It wasn’t to be the most expensive online sale. Bonhams claimed another record in 2021: the first car to sell for £1m on a UK/European online platform. The click ‘n collect classic was a 1989 Ferrari F40, in a rare shade of blue, which sold for £1,000,500.
But what about the most expensive cars overall? Take a deep breath, these cars are stunning…
Bonhams’ top lot for 2021: £4m worth of supercharged Mercedes sportscar from the roaring Twenties. The 1928 S-Type, engineered by Ferdinand Porsche and one of only 146 ever made, was described by Bonhams as the “acme of motor car perfection”. It came with an estimate of $3-4m at the Quail Lodge auction in California but on the day sold for $5,395,000 (£4.1m). The car had been owned by the same family that bought it in 1964 – for just $15,000.
Four million would also have got you the auction house’s second most valuable lot of the year which was sold in London in February: a rare 1937 Bugatti Type 57S. This “sleeping beauty” had been off the road for the past 50 years. It had been the life’s work of Bill Turnbull who had been restoring the car in his Staffordshire garage since 1969. The fastest car of its day and one of only 42 made, the 57S lived up to the sale’s name as a true “Legend of the road”.
Another pre-war Mercedes rounded out Bonhams’ top three big-hitters for 2021, the bright red, chromed-up 1934 500/540K Spezial Roadster selling for $4.9 million (£3.7m) at the Amelia Island sale in the US, Bonhams’ first “live” sale of the year. And to think this car was discovered in pieces as a barn find in Poland in the 1970s.
Being in pieces is not necessarily a bad thing – not least when the pieces belong to something as special as an Aston Martin DB4 GT. The pieces were all there – right down to the car’s original push-button radio – just that they weren’t all attached. Described as a “part restoration”, the Aston sold at the February Bond St sale in London for an incredible £1,975,000 after an eight-way battle to buy it.
Bonhams’ most contemporary big-money car of the year was that 1990s supercar poster pin-up, the Bugatti EB110. One of 30 Super Sport variants of the model unveiled to mark the 110th anniversary of Ettore Bugatti's birth, the 30,000km machine made an impressive €2,242,500 (£1.9m) at the Zoute sale in Belgium in October. A Dutch collector emerged triumphant after a 15-way bidding war.
By far the most valuable veteran machine of Bonhams’ year was the sole surviving original-bodied Mercer 35K Runabout – the 108-year-old sold for twice what Bonhams expected the super-rare American machine to make, at for $2,425,000 (£1.8m).
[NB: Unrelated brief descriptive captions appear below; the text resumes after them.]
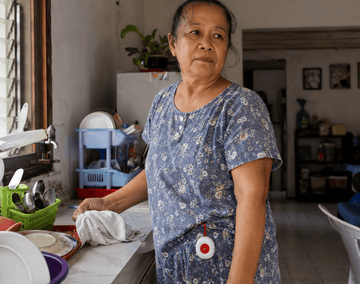 Elderly Filipino woman with Daytech waterproof caregiver SOS pager clipped to her waistband in a home kitchen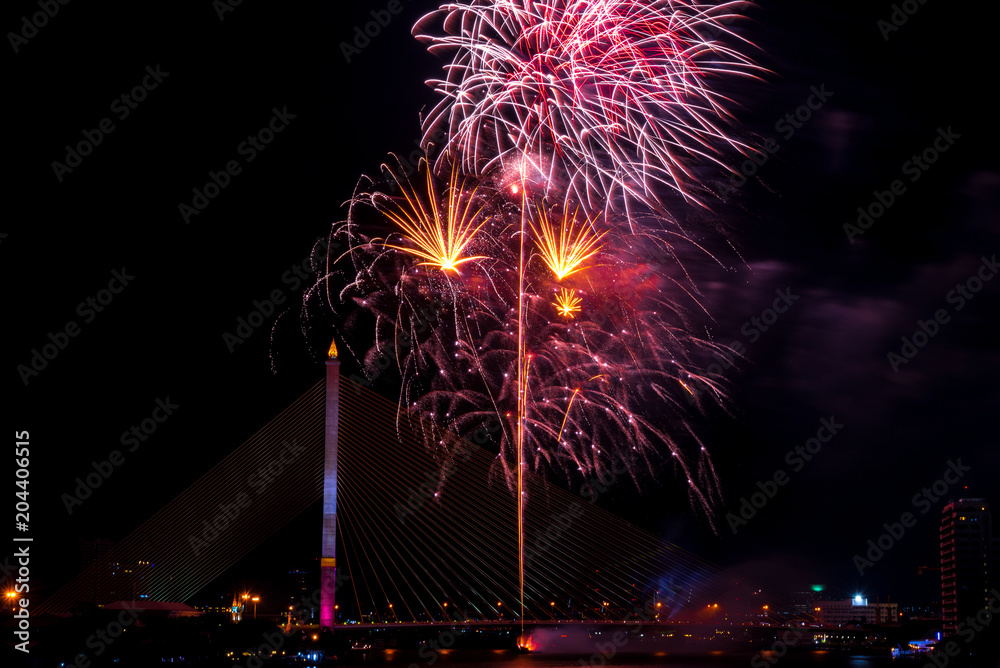 Beautiful colorful firework display for celebration happy new year and merry christmas in the night sky, bangkok city, thailand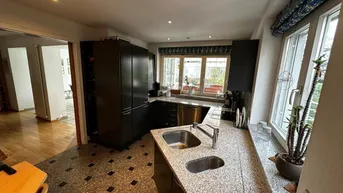 Geräumige Küche mit dunklen Schränken, Granitarbeitsplatten und großem Fensterbereich mit viel Licht.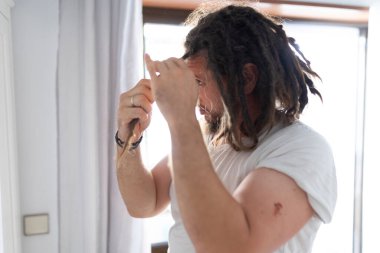 Kafkas saçlı bir adam sabahları saçını şekillendiriyor, pencerenin yanındaki bir yatak odasında duruyor.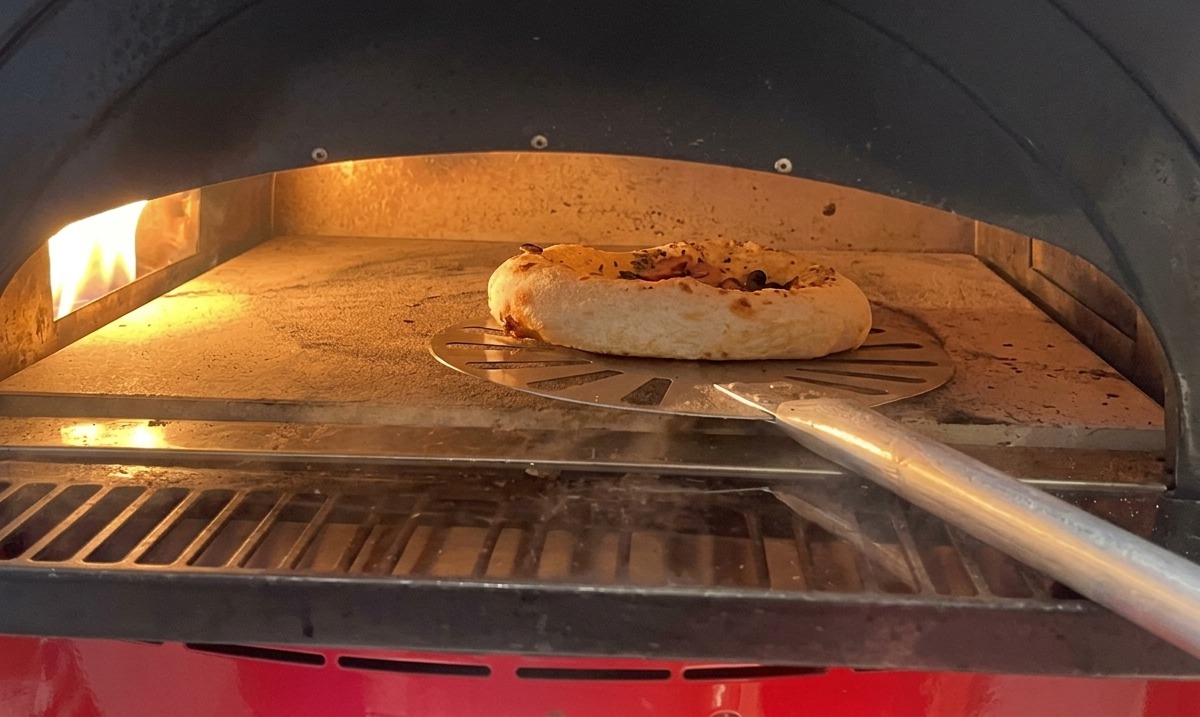 Petite pizza aux champignons et saucisse cuisant dans un four chaud, la croûte gonflant visiblement.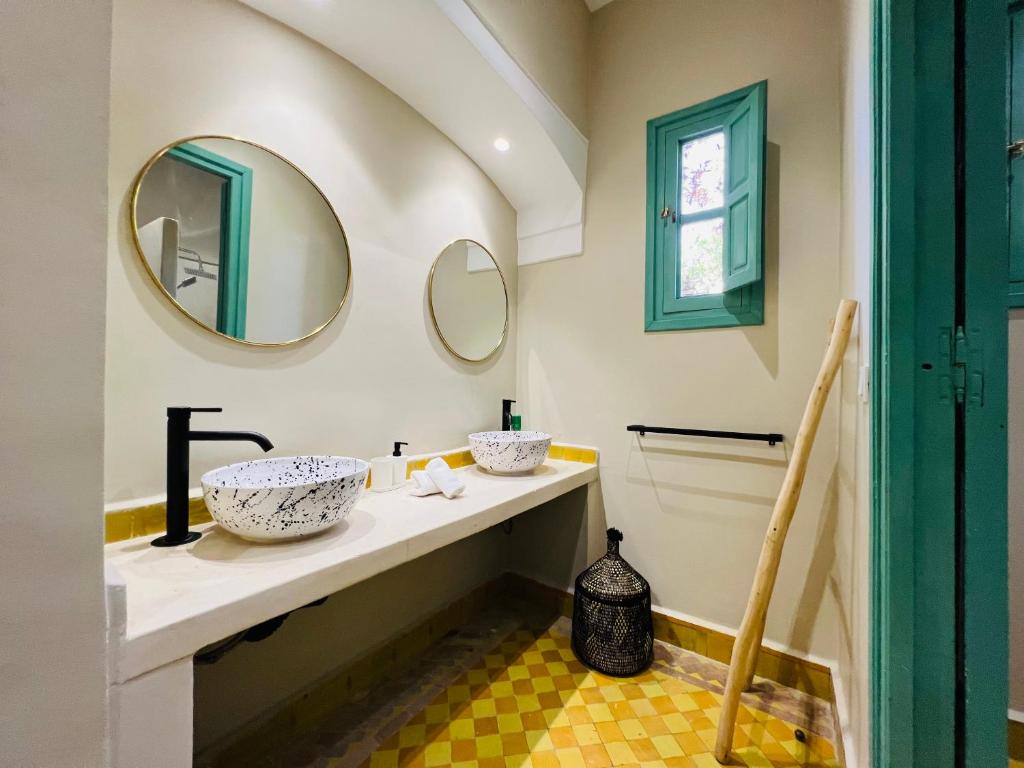 een badkamer met een wastafel en 2 spiegels bij Charming Villa with Pool, Garden and Pingpong in Marrakesh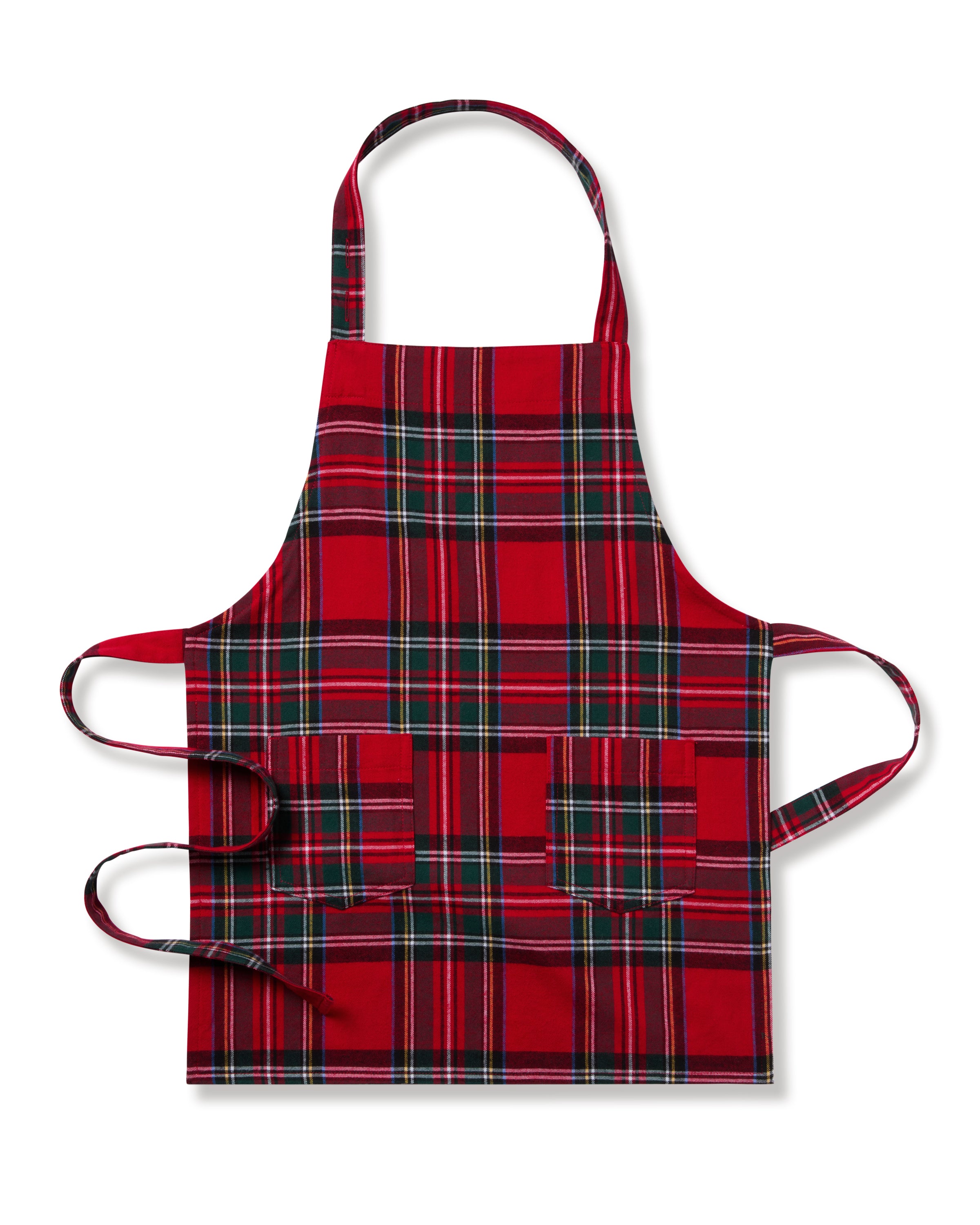Two Petite Plume Kids Aprons in Imperial Tartan with pockets hang on a wooden peg rack, alongside a white dish towel with red and black patterns. A wooden spoon and spatula peek from one apron pocket, perfect for holiday baking against a light brown backdrop.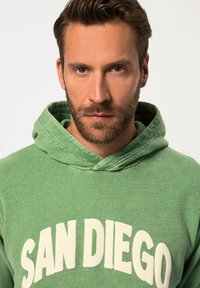 Felpa verde con una texture morbida, caratterizzata da una grande grafica bianca "SAN DIEGO" sulla parte frontale e un cappuccio con cordini.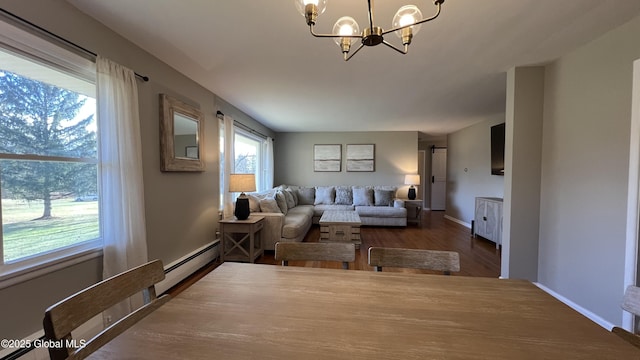 living room featuring a chandelier, baseboard heating, and dark wood-type flooring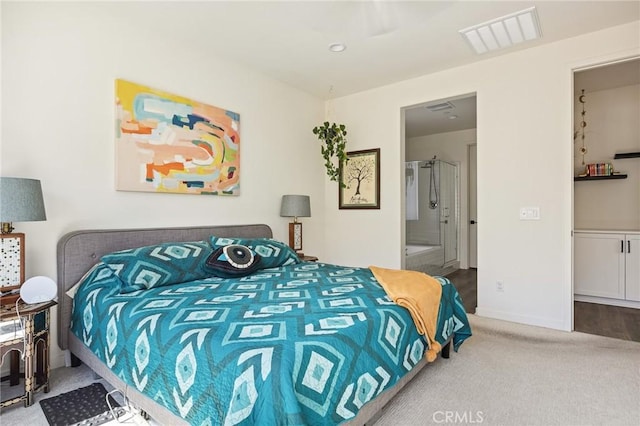 carpeted bedroom with baseboards, visible vents, and connected bathroom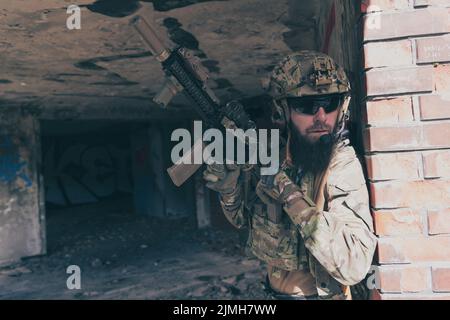 A bearded soldier in special forces uniform in dangerous military mission, refile his weapon while hiding from the wall. Selecti Stock Photo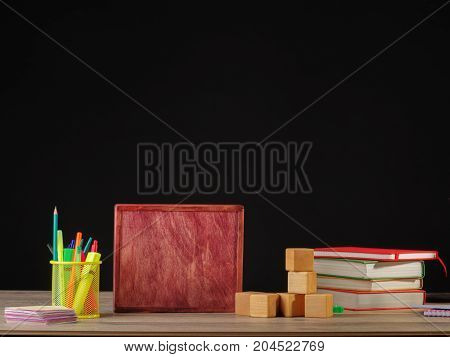 Back to school and education banner with colorful pencils and stationery.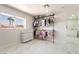 Bright walk-in closet featuring a clothing rack, modern tiled floor, and natural light from the window at 5336 Regal Ave, Las Vegas, NV 89146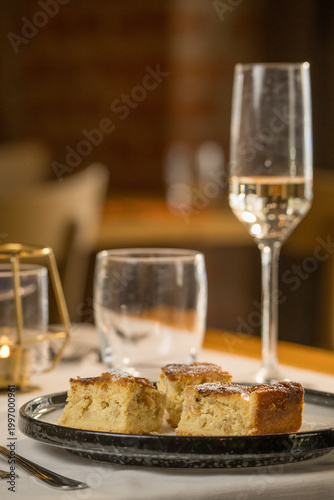Traditional Pastiera Napoletana cake served on a rustic restaurant table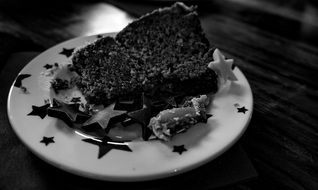 piece of cake decorated with stars on plate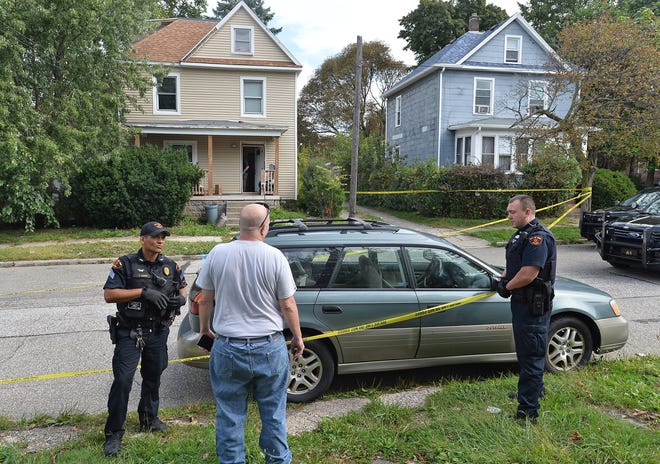 Erie Bureau of Police officers Tom Lenox, at left, and Brian Wisniewski, at right, talk with Jonathan Reck, center, near the scene of a fatal stabbing on Monday. Earlier in the day, police found a woman dead in the home in the background, at left, located in the 2500 block of Wallace Street. Reck, 53, of Erie, told police that he was a friend of one of the occupants of the house. [CHRISTOPHER MILLETTE/ERIE TIMES-NEWS]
Bonhams’ most valuable Ferrari of 2021 was an F40 which came in at the top end of F40 values, selling for €1,840,000 (about £1.6m) in the Zoute sale. What was so special about this F40? Bonhams described it as a time-warp car, a one-owner machine which had been dry-stored since 1992 and covered fewer than 1,800km from new.
US sales dominated the next four places in the top dozen, all coming in around the $1.7-1.9m mark. The oldest car was an Art Deco beauty from Talbot Lago which made $1,875,000 (£1.4m), four times the price it made when Bonhams sold it last in 2006. Its stunning two-tone cabriolet Décapotable bodywork by coachbuilders Figoni et Falaschi makes it just one of four such cars made.
Also selling at the Quail Lodge sale were a 1952 Ferrari 212 Europa cabriolet which sold for $1,820,000 (£1.4m) and a 1955 Mercedes-Benz 300SL Gullwing – $1,710,000 (£1.3m). Almost as valuable, much newer and even sportier, a 1974 Alfa Tipo 33 sold at the same sale for $1,677,000 (£1.3m), a world record for that model.
The enduring appeal of BMW’s flagship 1950s sportscar, the 507, proved irresistible at the Scottsdale auction in Arizona. The 1959 Series II roadster, one of just 253 of the elegant Von Goertz-designed cars made, sold for $1,809,000 (£1.4m).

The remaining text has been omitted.